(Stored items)
☆ ☆ ☆ ☆ ☆

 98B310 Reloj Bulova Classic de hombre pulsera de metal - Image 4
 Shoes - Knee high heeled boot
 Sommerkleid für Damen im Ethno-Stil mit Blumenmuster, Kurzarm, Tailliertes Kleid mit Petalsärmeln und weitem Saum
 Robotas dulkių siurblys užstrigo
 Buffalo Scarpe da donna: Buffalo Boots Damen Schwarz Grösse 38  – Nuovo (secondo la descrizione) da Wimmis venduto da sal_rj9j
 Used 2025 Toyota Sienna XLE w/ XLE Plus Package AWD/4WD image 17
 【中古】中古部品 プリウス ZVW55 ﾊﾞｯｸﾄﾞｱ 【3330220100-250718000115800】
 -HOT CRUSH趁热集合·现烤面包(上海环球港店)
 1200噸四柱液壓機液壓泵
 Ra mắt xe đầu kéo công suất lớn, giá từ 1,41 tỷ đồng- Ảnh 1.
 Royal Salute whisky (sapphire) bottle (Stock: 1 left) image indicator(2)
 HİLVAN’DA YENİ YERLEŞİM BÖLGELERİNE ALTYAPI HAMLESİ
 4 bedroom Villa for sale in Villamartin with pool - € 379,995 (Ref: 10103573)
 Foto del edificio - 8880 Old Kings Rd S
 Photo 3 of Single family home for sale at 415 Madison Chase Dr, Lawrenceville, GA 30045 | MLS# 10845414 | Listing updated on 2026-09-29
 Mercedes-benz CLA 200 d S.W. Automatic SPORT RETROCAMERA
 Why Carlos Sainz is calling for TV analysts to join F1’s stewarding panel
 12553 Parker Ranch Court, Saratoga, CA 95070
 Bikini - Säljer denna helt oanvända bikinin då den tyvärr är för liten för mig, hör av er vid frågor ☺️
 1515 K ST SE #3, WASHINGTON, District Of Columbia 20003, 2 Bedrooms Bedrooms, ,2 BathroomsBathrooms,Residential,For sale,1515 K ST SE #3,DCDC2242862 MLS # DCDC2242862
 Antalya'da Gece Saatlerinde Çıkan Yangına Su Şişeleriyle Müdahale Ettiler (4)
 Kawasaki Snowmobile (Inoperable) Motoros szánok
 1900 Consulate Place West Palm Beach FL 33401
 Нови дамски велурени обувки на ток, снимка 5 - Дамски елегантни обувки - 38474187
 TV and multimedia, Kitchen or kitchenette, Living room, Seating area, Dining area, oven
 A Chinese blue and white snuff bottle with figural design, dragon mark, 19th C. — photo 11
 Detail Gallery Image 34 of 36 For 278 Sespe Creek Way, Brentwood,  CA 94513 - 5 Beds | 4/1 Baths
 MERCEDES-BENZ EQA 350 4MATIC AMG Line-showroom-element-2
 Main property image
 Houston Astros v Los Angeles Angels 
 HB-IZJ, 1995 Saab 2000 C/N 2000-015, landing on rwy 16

☆ ☆ ☆ ☆ ☆

* Work task *
Given the data above, transcribe exactly the lines from the one containing "ZVW55 ﾊﾞｯｸﾄﾞｱ 【3330220100-250718000115800】" down to the one containing "12553 Parker Ranch Court, Saratoga, CA 95070", and no others.

* Written solution *
 【中古】中古部品 プリウス ZVW55 ﾊﾞｯｸﾄﾞｱ 【3330220100-250718000115800】
 -HOT CRUSH趁热集合·现烤面包(上海环球港店)
 1200噸四柱液壓機液壓泵
 Ra mắt xe đầu kéo công suất lớn, giá từ 1,41 tỷ đồng- Ảnh 1.
 Royal Salute whisky (sapphire) bottle (Stock: 1 left) image indicator(2)
 HİLVAN’DA YENİ YERLEŞİM BÖLGELERİNE ALTYAPI HAMLESİ
 4 bedroom Villa for sale in Villamartin with pool - € 379,995 (Ref: 10103573)
 Foto del edificio - 8880 Old Kings Rd S
 Photo 3 of Single family home for sale at 415 Madison Chase Dr, Lawrenceville, GA 30045 | MLS# 10845414 | Listing updated on 2026-09-29
 Mercedes-benz CLA 200 d S.W. Automatic SPORT RETROCAMERA
 Why Carlos Sainz is calling for TV analysts to join F1’s stewarding panel
 12553 Parker Ranch Court, Saratoga, CA 95070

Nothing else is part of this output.